Samples of other object-oriented typefaces





Type in the environment project
The 26 letterforms of the Roman alphabet and and 10 Hindu-Arabic numbers have become icons in their own right. Each is totally familiar and can be rendered in almost an infinite number of ways. Observant designers often spot how natural and man-made structures can communicate enough visual cues for the viewer to recognize an alphabetic letterform. This project is to develop a collection of photographs of letters as found in nature and in man-made structures. It is an exercise in observing the environment and seeing possibilities.
Procedure
Seek or notice how letterform cues can be found in environments that were not intended to convey letterforms. Explore what elements are necessary to convey a letter - shape, line, angle, composition.

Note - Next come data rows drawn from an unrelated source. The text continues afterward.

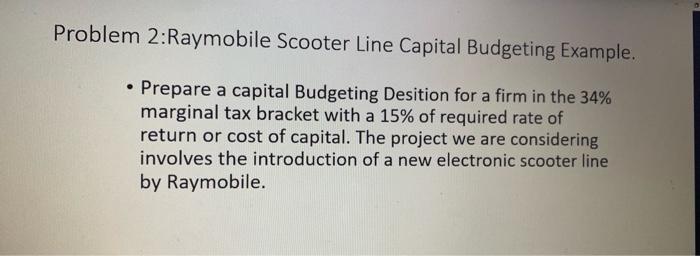  roblem 2:Raymobile Scooter Line Capital Budgeting Example. - Prepare a capital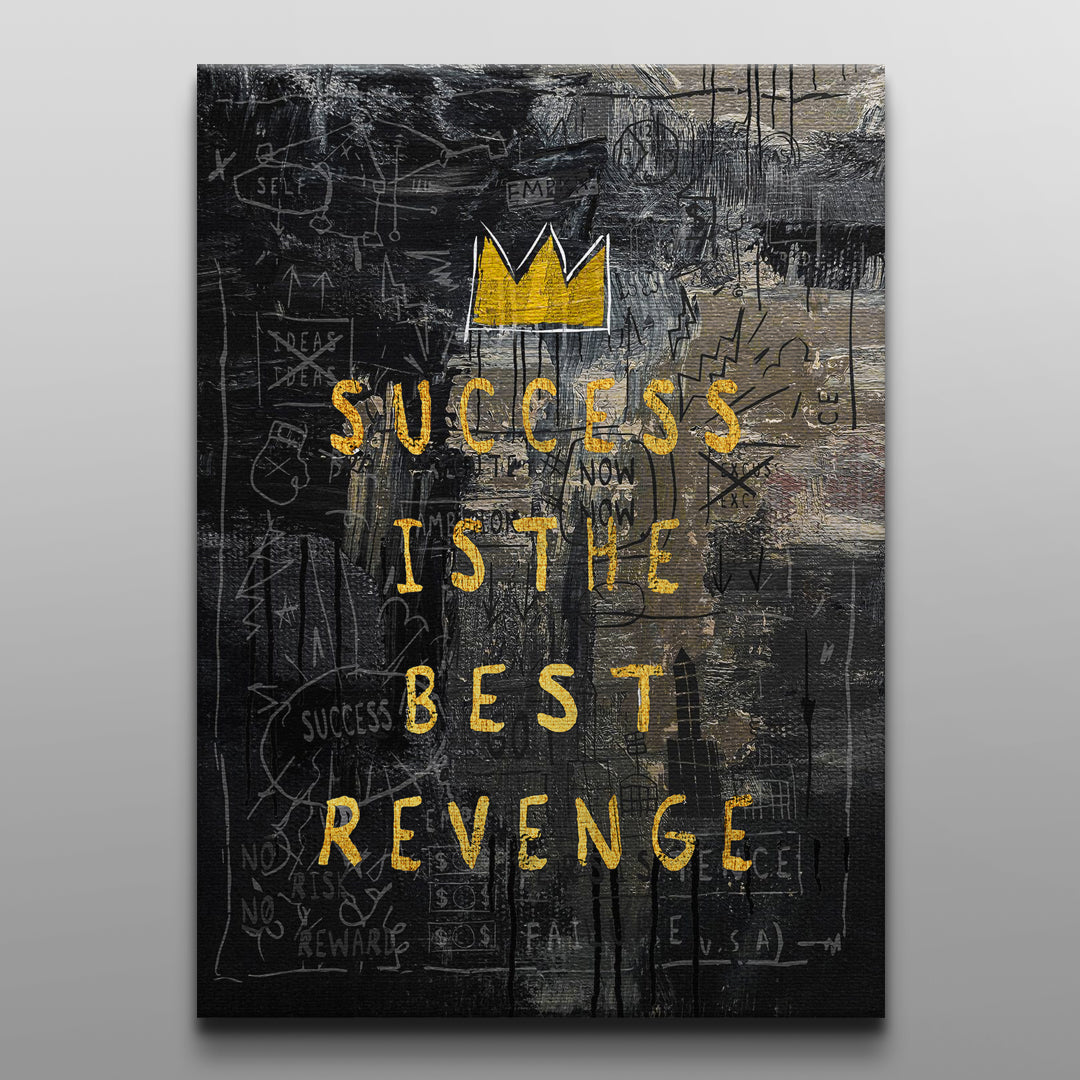 Success is the Best Revenge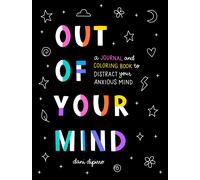 Out of Your Mind: A Journal and Coloring Book to Distract Your Anxious Mind (Anx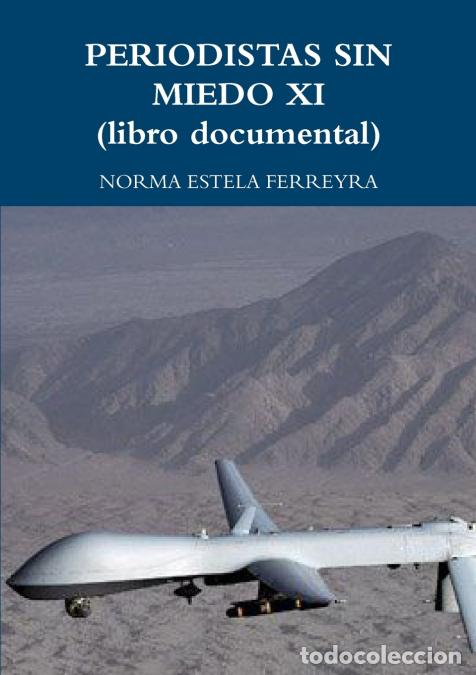 Libri: PERIODISTAS SIN MIEDO XI - NORMA ESTELA FERREYRA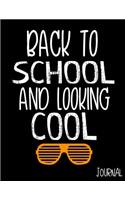 Back To School And Looking Cool Journal: Composition Notebook Journal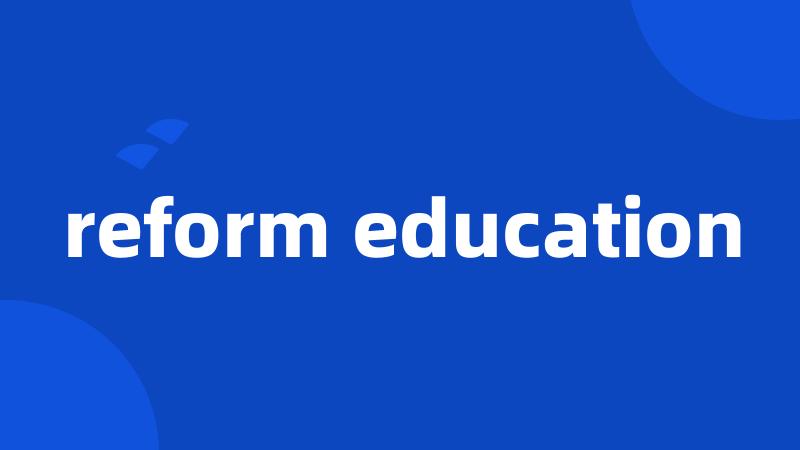 reform education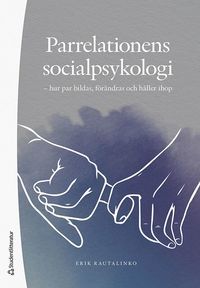 Parrelationens socialpsykologi - hur par bildas, förändras och håller ihop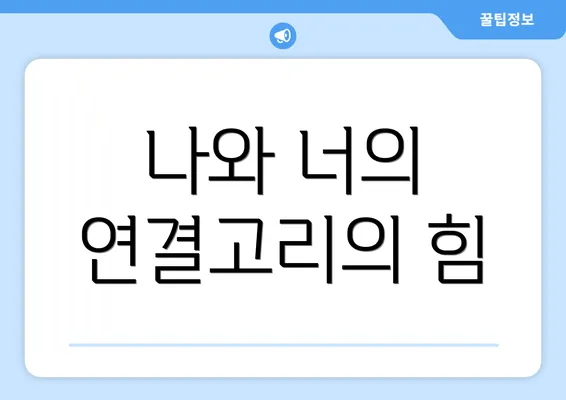 나와 너의 연결고리의 힘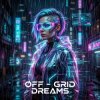 Pochette Vasilii CECEGOV & Atom - Off‑Grid Dreams Vasilii CECEGOV & Atom - Off‑Grid Dreams
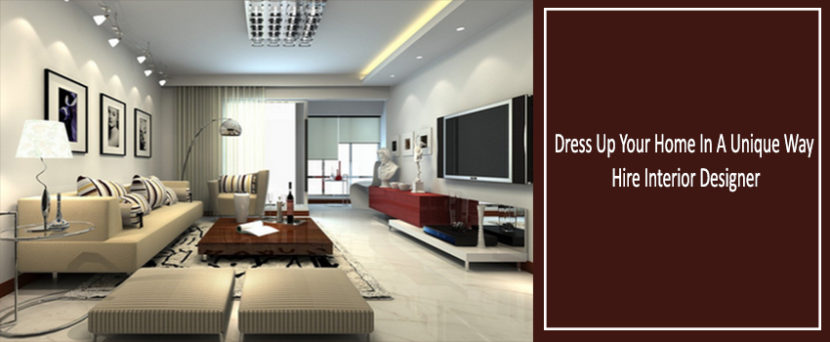 Dress Up Your Home In A Unique Way. Hire Interior Designer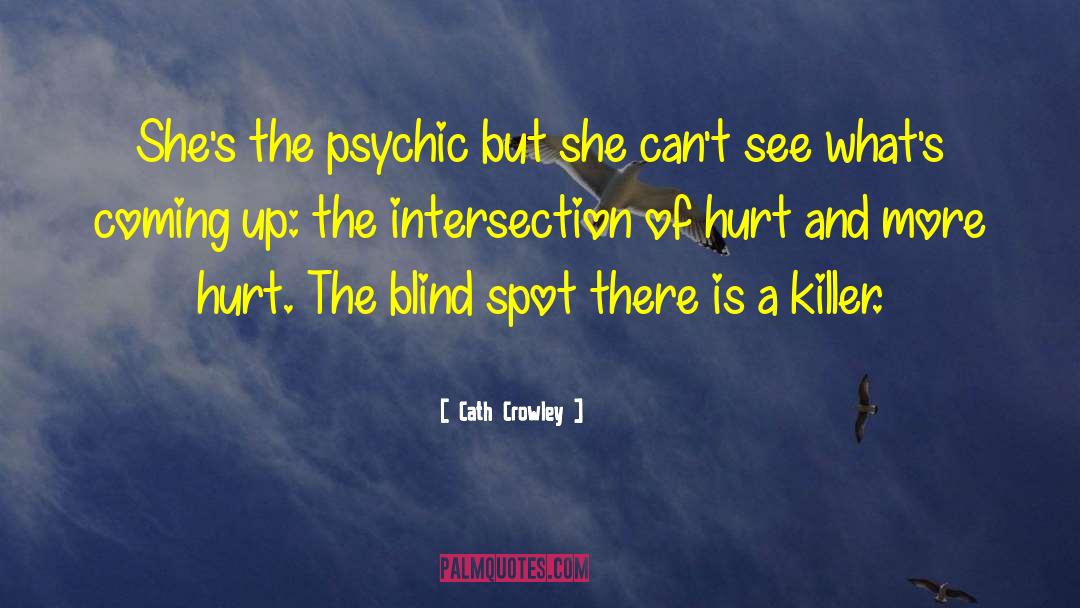 Blind Fall quotes by Cath Crowley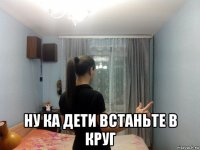 ну ка дети встаньте в круг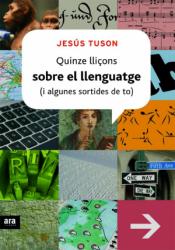 Quinze lliçons sobre el llenguatge (i algunes sortides de to)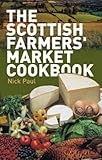 The Scottish farmers' market cookbook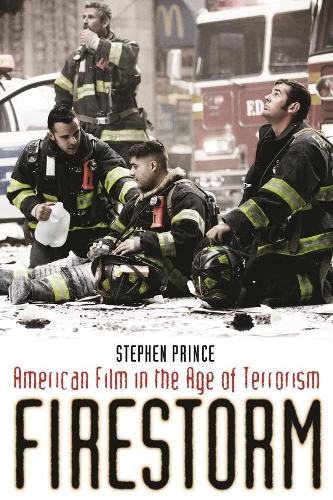 Бумажная книга «Firestorm: American Film in the Age of Terrorism», автор Стивен Принс - фото №1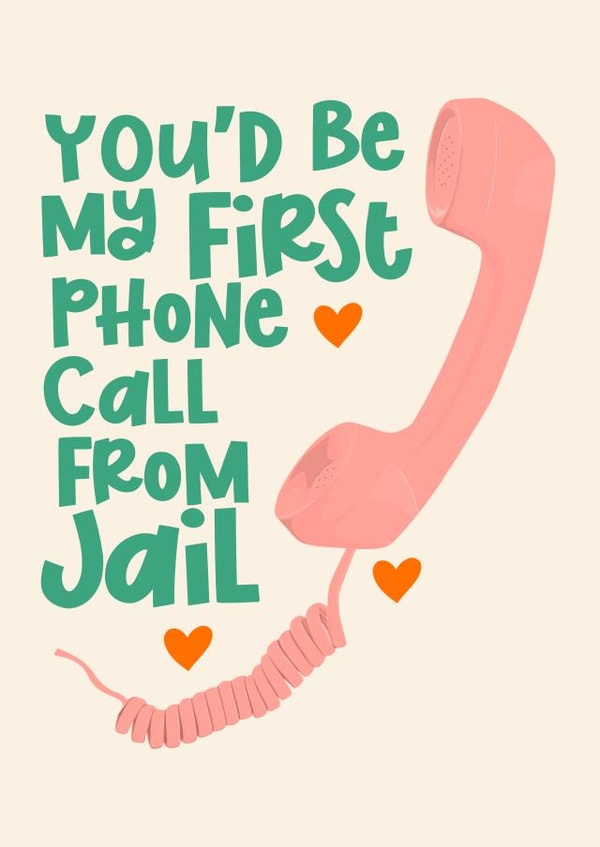 Relatable Galentine's Card - You'd be my first phone call from jail created by Pink + Pip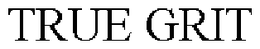TRUE GRIT trademark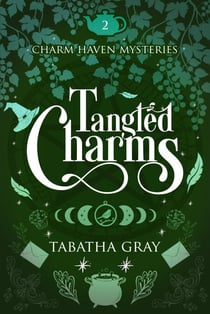 Tangled Charms - Charm Haven Mysteries, #2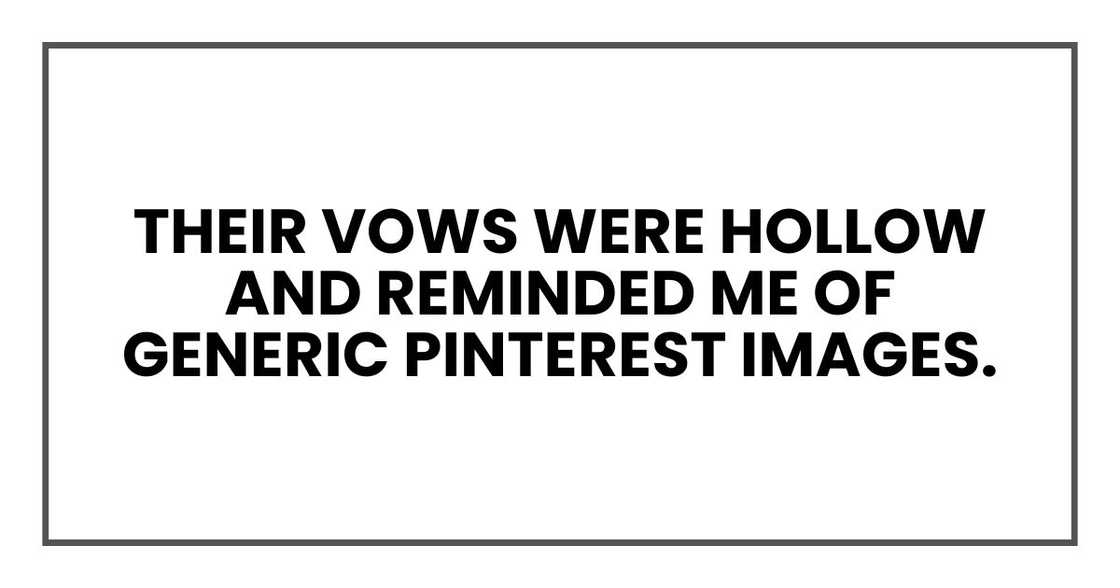 Their vows were hollow and reminded me of generic Pinterest images.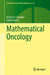 Mathematical Oncology by Mark A. J. Chaplain, Luigi Preziosi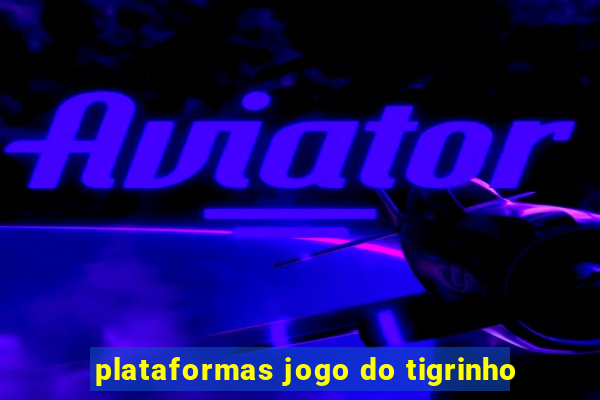 plataformas jogo do tigrinho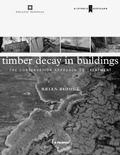 Cover: Timber Decay in Buildings - TCRE Division / Scottish Conservation Bureau, Hist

Look at negative spaces, shadows, patterns, texture, and architectural elements for letterforms. Photograph those that clearly convey a letter (a high resolution camera will provide better images - you can check one out from the VRL). Develop a complete set of the alphabet from images found in nature and in manufactured structures. Mount them all neatly in a poster layout or download them and compose the poster on a computer. Compose the presentation to most effectively communicate the images. Include a thematic appropriate title for the poster.
Specs
• Do not arrange objects to make a letter or number. The characters must be formed without your input.
• No image can be of an intended letterform or number.
• Do not use the same visual image for more than 1 character (like the M and W).
• Do not rotate or change the orientation of an image. If necessary, you may rotate it slightly to improve alignment.
• You can crop the images, but don't stretch or manipulate them in Photoshop.
• Color of photographs: open - B&W or full color.
• Poster size: 18" x 24".
• Paper color, paper weight, layout composition, title format: open and reasonably appropriate.
Print info
The maximum print size in the computer lab is 11 x 17. These posters need to be larger than that so you will need to take your file off-campus.
Staples can print 18 x 24 for about $20. Allow 2 hours in case they are backed up so you don't miss the deadline of 3:30 on Monday. You must save your file as a pdf or a jpg for Staples to open it. Take a flash drive or cd.
Evaluation
• Each of 26 letterforms and 10 numerals clearly conveyed
• Unique and unusual sources for the letters
• Consistent theme, composition, or content in the photos
• Neat and well-designed poster presentation
Purpose
• Understand visual cues of alphabetic characters
• Learn to see and observe design elements in the environment
• See the world with a new perspective
• Practice producing professional presentations
• Provide inspiration and influence
Resources
Letter-Photo website
Alphabet Pix website


Images by Clinton Fields, 2006
Note: The layout does not have to mimic the following - they're just examples.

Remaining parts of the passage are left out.